Advantages Many species of freshwater fish can be caught using casters
Disadvantages Keeping them in the fridge might upset your other half.
The pupa of the fly is more commonly known to anglers as a caster. At this point in the flies life cycle it proves to be an almost irresistable bait, and one that many match anglers consider to be the best bait bar none. When used corectly it is possible to catch many different species of fish, from the smallest gudgeon to the largest carp. This is what makes casters one of the most popular baits available to any angler.
Casters can be purchased from any tackle shop, the cost varies from place to place, but as a general rule expect to pay in the region of £5 per pint. This is a fair price since it takes about five pints of maggots to make three pints of casters. Alternatively you can make your own. If you have read my other review on maggots, and how to breed them, there are only a few more steps to take to produce a far superior bait to any available in the shops.
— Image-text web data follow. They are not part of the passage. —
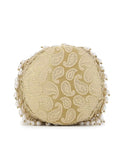 Dangle Paisely Printed Embellished Brocade Potli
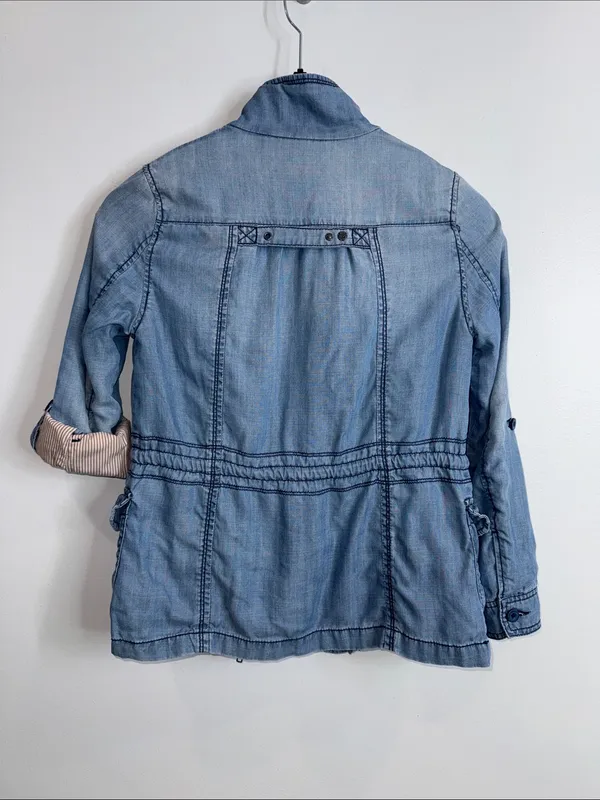 Anthropologie Marrakech anorak utility chambray jacket size XS petite - Image 6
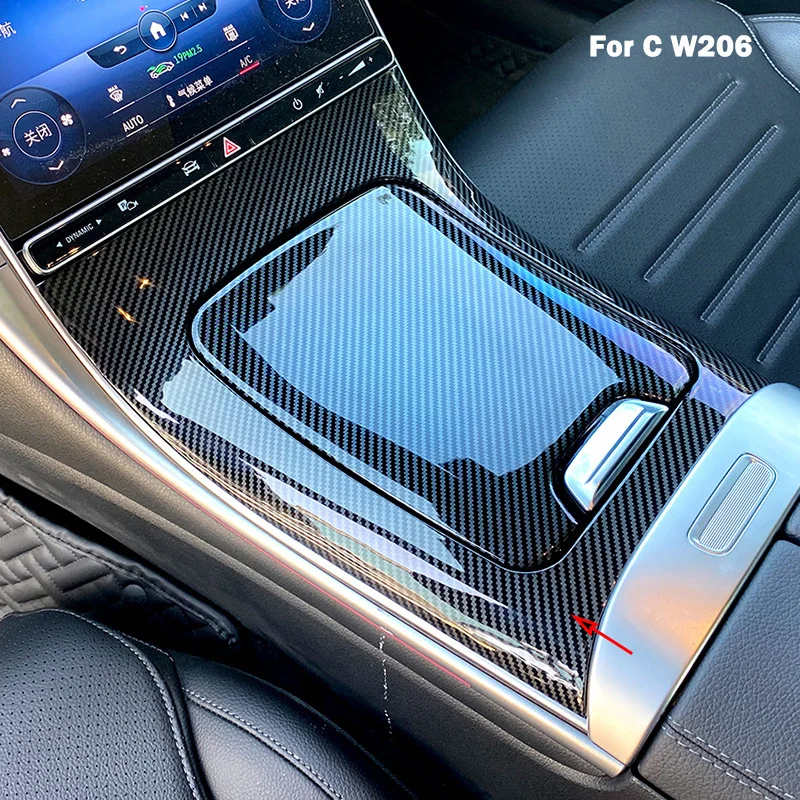 

Car Center Console Armrest Box Protect Cover Interior Trim Carbon Fiber Pattern Paster For Mercedes Benz C Class W206 2020-2023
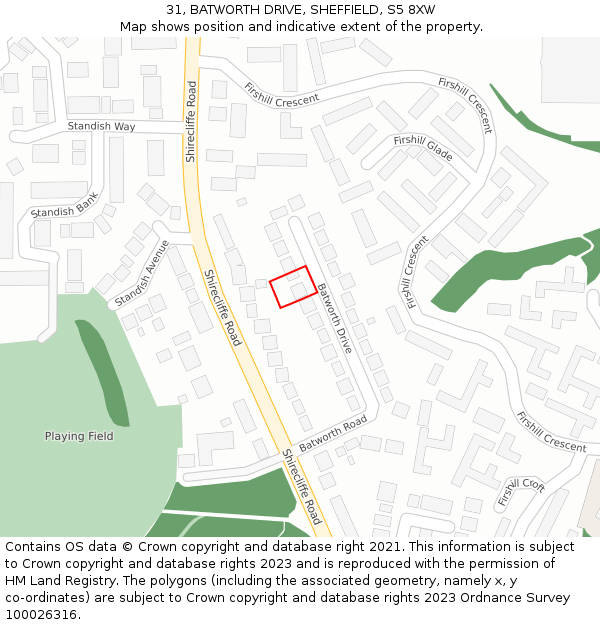 31, BATWORTH DRIVE, SHEFFIELD, S5 8XW: Location map and indicative extent of plot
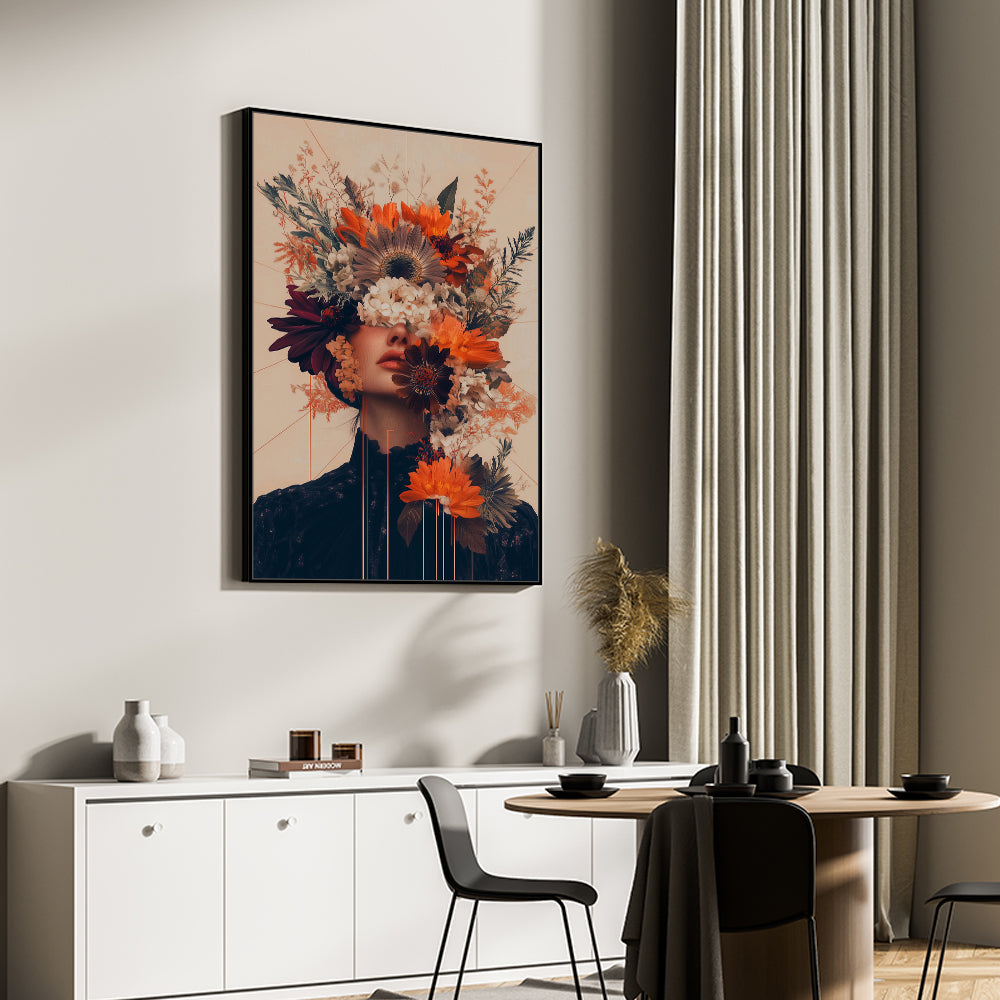 Floral Majesty: Vibrant Crowned Portrait Canvas Art
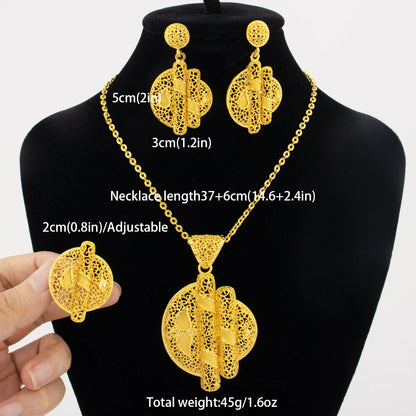 24k gold color party necklace earrings rings set luxury gold jewelry sets for woman wedding party Accessories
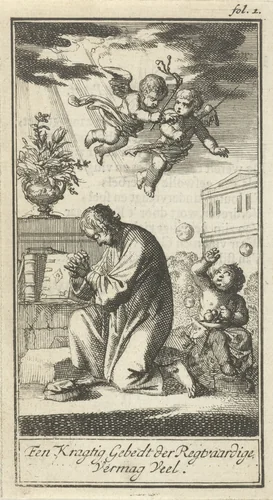 Geknielde man in gebed by Jan Luyken, print, 1693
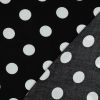 Tissu viscose gros pois - noir x 10 cm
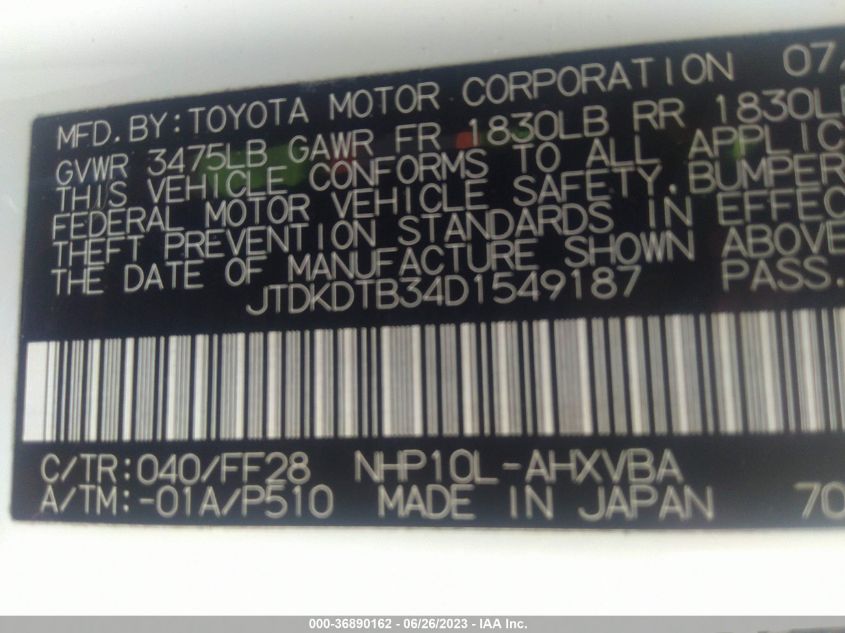 2013 TOYOTA PRIUS C ONE/TWO/THREE/FOUR - JTDKDTB34D1549187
The colours of the casters will vary, however you can change their colour so that they all look similar quite simply. On the evening before you intend to go fishing you should wrap all your casters in a wet towel inside a bucket. The next morning you will see all the casters have changed colour, to a deep red, this is the most productive colour a caster can be. The only problem now is you should remove any floaters.Floaters are, as the name suggests, casters that float in water. These have very little use to the angler, so they should be seperated from the other casters before you head off. All you have to do is pour some water into a container so that it's at least six inches deep and slowly introduce your casters.